There is also the consideration that certain images may have faces that encompass a space larger than our given template of 36x36 pixels, and the model won't recognize it as a face as a result. In order to avoid this, we want to repeat the above process for several different scales of the image. To do this, I resized each image to several different scales and then ran the same process for each. The scales I used were 0.5, 0.6, 0.7, 0.8, 0.9, and the default scale of 1, but I definitely saw some images in my tests that had larger faces that still weren't being recognized, so its possible I would have obtained better results with even smaller scales in addition to the ones I already had. When we do use this multiscale approach, we also need to include non-maximum suppression, which ensures that only the best boxes out of any that are overlapping by a majority amount are included in our final results.

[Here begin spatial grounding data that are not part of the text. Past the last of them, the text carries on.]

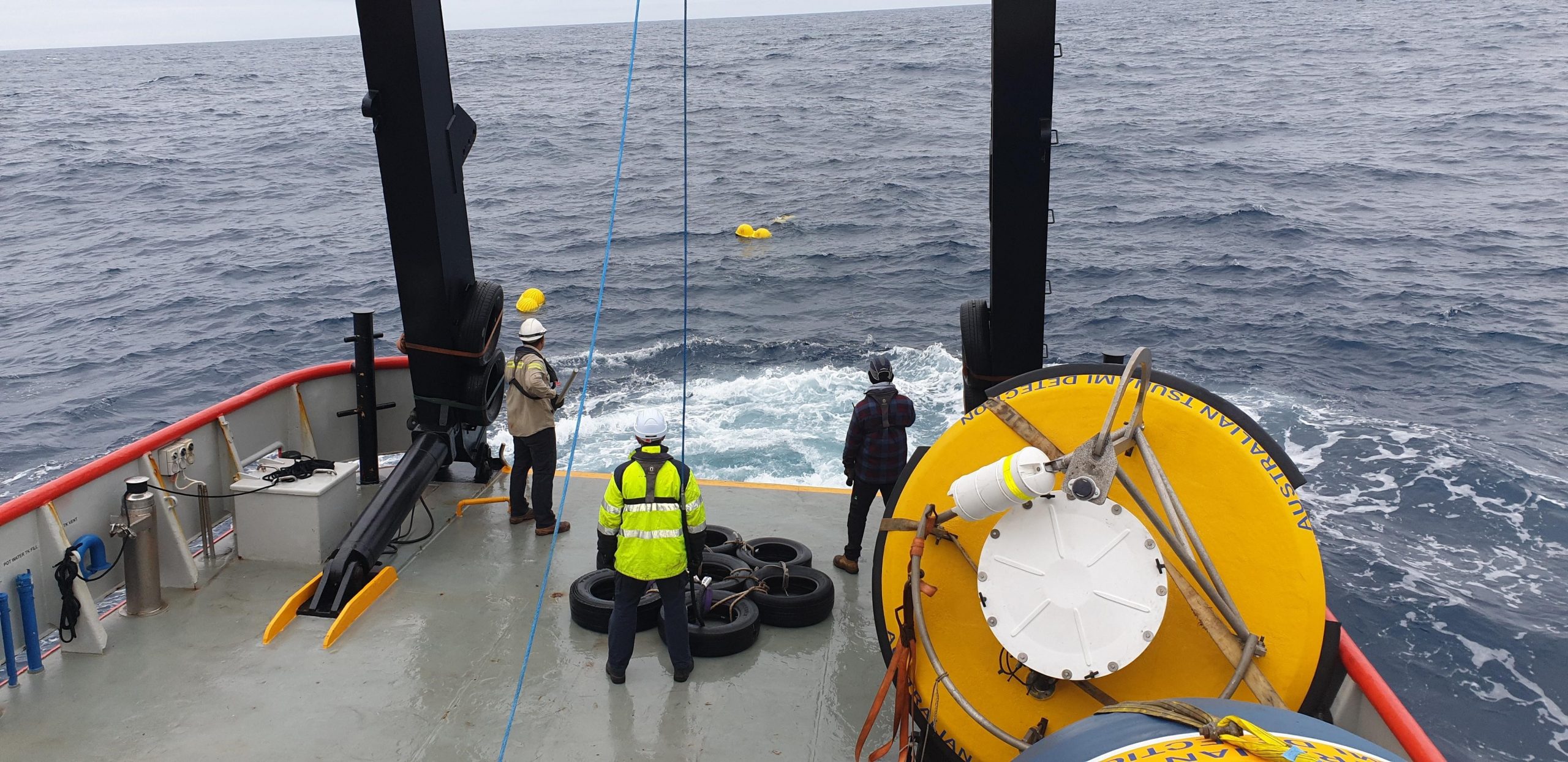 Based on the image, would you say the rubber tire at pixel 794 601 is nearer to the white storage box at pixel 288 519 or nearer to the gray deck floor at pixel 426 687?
the gray deck floor at pixel 426 687

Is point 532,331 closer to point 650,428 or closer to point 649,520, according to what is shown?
point 650,428

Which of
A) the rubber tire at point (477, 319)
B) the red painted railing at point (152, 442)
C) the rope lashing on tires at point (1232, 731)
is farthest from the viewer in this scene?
the rubber tire at point (477, 319)

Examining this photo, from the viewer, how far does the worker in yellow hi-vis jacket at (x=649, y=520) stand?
205 inches

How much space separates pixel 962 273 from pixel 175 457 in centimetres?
1732

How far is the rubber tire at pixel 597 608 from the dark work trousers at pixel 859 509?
4.38 feet

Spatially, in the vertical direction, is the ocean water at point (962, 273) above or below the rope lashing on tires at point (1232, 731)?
below

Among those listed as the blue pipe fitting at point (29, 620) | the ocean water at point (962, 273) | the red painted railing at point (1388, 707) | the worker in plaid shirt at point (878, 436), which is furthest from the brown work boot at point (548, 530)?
the red painted railing at point (1388, 707)

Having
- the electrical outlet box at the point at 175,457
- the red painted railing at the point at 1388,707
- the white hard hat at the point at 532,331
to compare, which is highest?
the white hard hat at the point at 532,331

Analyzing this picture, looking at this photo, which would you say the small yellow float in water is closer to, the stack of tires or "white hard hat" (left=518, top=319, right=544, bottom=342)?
"white hard hat" (left=518, top=319, right=544, bottom=342)

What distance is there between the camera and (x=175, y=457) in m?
6.56

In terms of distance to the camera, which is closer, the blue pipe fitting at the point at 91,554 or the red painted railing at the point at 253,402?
the red painted railing at the point at 253,402

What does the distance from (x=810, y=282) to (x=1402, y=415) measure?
36.0ft

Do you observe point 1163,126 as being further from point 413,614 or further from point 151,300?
point 413,614

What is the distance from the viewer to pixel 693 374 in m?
15.6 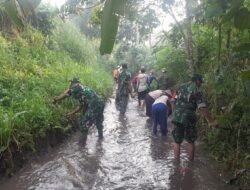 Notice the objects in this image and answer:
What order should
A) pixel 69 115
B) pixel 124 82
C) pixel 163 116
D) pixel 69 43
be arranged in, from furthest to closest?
pixel 69 43, pixel 124 82, pixel 163 116, pixel 69 115

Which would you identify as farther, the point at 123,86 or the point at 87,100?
the point at 123,86

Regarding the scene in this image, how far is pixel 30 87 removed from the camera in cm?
762

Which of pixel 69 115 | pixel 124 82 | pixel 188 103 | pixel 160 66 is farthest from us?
pixel 160 66

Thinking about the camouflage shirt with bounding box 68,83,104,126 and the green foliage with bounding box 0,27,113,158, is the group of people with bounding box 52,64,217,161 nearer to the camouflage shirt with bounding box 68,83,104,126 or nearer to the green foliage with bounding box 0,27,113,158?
the camouflage shirt with bounding box 68,83,104,126

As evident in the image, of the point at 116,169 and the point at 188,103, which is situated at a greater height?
the point at 188,103

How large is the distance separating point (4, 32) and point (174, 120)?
640 cm

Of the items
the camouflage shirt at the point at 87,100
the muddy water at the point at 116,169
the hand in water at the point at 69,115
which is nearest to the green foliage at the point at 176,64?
the muddy water at the point at 116,169

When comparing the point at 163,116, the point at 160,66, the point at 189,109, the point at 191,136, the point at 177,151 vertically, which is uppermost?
the point at 160,66

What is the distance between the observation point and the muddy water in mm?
4910

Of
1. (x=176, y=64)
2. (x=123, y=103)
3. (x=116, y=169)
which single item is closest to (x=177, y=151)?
(x=116, y=169)

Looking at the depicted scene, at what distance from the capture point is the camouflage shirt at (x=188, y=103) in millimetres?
5352

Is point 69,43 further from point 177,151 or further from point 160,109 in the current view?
point 177,151

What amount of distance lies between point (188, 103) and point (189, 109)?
10 centimetres

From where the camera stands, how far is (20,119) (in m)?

Below are some of my results on three of the images (two successes and one failure) in the test set, along with the accuracy precision for the various step sizes over all of the test images.


Step/Cell size of 6

Step/Cell size of 4

Step/Cell size of 3

Step/Cell size of 6

Step/Cell size of 4

Step/Cell size of 3

Step/Cell size of 6

Step/Cell size of 4

Step/Cell size of 3

Step/Cell size of 6 - 77.2% AP

Step/Cell size of 4 - 82.6% AP

Step/Cell size of 3 - 84.3% AP

As you can see, the accuracy precision was fairly high, ranging from 77% to 84%, with significant increase correlating with the decrease in step size. The first two images found all the matches at each level, with the smallest step size interestingly enough having the most false positives. The last image is difficult to compute, as faces all appear to have been too big to have been caught given the scales I used. The same goes for the class picture example, which I tested with a step size of 3:

The class image does seem to stick mostly around the people (and the images of people on the projector), which is an indication that it is at least on the right track. Given these results, I believe that I could have created a better face detector overall by possibly testing more delicate thresholds in order to find the best balance of accuracy and fewest false positives. I also likely should have tested even more scales, going lower than 50% of the original image as I did. This would have helped me catch faces that took up a large portion of an image, or helped with high resolution photos as the class photo was.